Ma obiettivamente, c’è anche un altro grande sconfitto da queste settimane di negoziati infruttuosi: Pedro Sánchez, che non ha voluto – o non ha potuto – esplorare un’alleanza a sinistra verso cui in seguito spingere Ciudadanos. Per ragioni ideologiche, questo partito avrebbe avuto difficoltà a difendere davanti ai suoi elettori un voto che avrebbe spinto alle elezioni anticipate, mentre ora può sostenere di essere l’unico partito “responsabile”. Ma Sánchez aveva le mani legate dal suo stesso partito: meglio fallire, ma con Podemos (e l’astensione già promessa degli indipendentisti catalani e baschi) mai. Aver tentato la manovra opposta di spingere Podemos all’astensione, se mai qualcuno fra i socialisti avesse mai pensato ingenuamente che fosse realistica, è fallita miseramente. L’ultima disperata proposta per sbloccare la situazione l’ha fatta Ciudadanos, chiedendo una soluzione tecnica, un incarico a un Monti spagnolo. Sarebbe una decisione inedita per la giovane democrazia spagnola.
Ma forse l’obiettivo dei pesi massimi socialisti era proprio quello di bruciare Sánchez per spianare la strada a Susana Díaz, la potente, e assai più politicamente moderata, presidente andalusa, che è da sempre segretaria in pectore. D’altra parte, Sánchez invece sembra convinto che tanta visibilità e il framing narrativo su cui ha giocato di “aver fatto di tutto” per formare il governo gli gioveranno elettoralmente. E sarà bene per lui che sia così: perché invece stavolta – con buona pace di Rajoy – i risultati elettorali potrebbero essere molto diversi. Perché Podemos ha fatto marcia indietro rispetto a sei mesi fa, e sembra molto più vicino ad accettare un accordo con Izquierda Unida, unico partito che non esce penalizzato – stando ai sondaggi – da questi mesi di frustrazione.

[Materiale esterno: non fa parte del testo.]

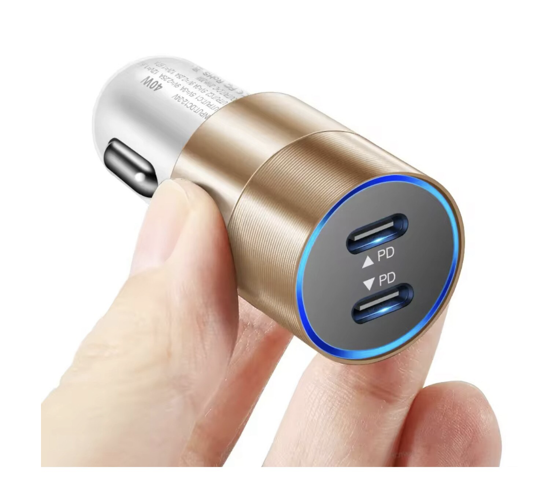 Poza cu Kit incarcator auto Dual USB-C-C 40W Fast Charger, 2 Cablu date USB-C-C 60W, 1M, Compatibil cu iPhone 16, 15 pro max, QUANDES®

Certamente per le qualità politiche e umane del portavoce Alberto Garzón, e per la delusione rispetto al partito di Pablo Iglesias, che ha gestito i negoziati in maniera poco lineare e con poca abilità. Ma la somma delle due liste a livello nazionale, come già avvenuto in Catalogna, Galizia e Valencia, potrebbe ottenere un risultato strabiliante, complice una legge elettorale che penalizza molto i partiti più piccoli diffusi a livello nazionale. Se anche gli elettori votassero esattamente nello stesso modo, IU+Podemos+ alleanze locali avrebbero 14 seggi in più (85 seggi invece degli attuali 69 + 2 di IU), e tre seggi in meno dei socialisti (che scenderebbero a 88). E soprattutto, il governo di sinistra sarebbe praticamente fatto (avrebbe 173 voti, a un passo dai 176 che segnano la maggioranza assoluta).
La speranza di Garzón e Iglesias è proprio il sorpasso del Psoe. Uno scenario per nulla fantascientifico, visto che Podemos + IU + alleanze locali hanno già mezzo milione di voti più del Psoe. Per ora i due partiti non confermano nulla, ma se il matrimonio si farà, il 27 giugno ne vedremo delle belle.